▸ TO DO:
Exactly as written, copy the lines that run from the start of the data below to the line containing "COCOBELLA Reversible Tea", both ends included.

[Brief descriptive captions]
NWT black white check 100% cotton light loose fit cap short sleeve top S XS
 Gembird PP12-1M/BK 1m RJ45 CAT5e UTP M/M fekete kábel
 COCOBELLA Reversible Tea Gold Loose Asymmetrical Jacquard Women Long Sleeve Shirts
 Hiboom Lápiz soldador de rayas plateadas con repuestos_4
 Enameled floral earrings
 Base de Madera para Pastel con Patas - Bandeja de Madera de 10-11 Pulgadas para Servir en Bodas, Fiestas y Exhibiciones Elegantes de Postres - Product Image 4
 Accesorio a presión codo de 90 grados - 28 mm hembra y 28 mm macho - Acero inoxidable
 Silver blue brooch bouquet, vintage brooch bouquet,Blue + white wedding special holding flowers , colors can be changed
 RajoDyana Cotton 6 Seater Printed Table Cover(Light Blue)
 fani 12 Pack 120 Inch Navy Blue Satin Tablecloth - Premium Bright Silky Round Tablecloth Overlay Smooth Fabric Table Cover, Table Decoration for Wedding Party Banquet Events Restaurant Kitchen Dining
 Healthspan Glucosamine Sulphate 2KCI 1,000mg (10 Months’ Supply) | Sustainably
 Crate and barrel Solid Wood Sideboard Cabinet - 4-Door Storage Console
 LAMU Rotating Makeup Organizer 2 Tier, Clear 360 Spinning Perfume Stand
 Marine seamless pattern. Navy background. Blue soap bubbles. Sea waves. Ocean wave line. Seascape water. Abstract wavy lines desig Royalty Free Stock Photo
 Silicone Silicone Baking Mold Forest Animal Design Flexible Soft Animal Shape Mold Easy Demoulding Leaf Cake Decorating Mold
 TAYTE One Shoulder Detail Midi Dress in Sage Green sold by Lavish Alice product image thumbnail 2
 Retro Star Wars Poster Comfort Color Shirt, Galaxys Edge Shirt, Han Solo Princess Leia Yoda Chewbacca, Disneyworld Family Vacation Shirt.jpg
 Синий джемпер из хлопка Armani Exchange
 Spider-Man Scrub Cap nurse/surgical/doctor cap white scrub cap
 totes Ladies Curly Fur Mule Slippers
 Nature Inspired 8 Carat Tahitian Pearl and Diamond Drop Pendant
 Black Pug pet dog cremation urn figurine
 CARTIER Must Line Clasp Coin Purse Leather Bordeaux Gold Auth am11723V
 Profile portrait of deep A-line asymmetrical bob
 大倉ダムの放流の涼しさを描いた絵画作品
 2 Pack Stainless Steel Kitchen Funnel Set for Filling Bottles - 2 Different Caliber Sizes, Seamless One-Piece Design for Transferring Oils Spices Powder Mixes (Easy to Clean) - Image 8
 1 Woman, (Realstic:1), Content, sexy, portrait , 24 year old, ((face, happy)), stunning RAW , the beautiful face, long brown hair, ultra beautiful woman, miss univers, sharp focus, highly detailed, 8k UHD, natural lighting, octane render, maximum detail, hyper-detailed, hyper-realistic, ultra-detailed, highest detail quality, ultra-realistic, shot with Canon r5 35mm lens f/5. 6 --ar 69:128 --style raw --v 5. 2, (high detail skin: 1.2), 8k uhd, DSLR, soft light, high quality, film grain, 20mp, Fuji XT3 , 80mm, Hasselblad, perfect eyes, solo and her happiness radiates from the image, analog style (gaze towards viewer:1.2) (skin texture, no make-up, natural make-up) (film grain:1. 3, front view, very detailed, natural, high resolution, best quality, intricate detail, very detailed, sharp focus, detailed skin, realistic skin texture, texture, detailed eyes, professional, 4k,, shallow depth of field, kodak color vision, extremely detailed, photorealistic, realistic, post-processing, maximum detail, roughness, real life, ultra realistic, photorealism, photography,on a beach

▸ PROBLEM SOLUTION:
NWT black white check 100% cotton light loose fit cap short sleeve top S XS
 Gembird PP12-1M/BK 1m RJ45 CAT5e UTP M/M fekete kábel
 COCOBELLA Reversible Tea Gold Loose Asymmetrical Jacquard Women Long Sleeve Shirts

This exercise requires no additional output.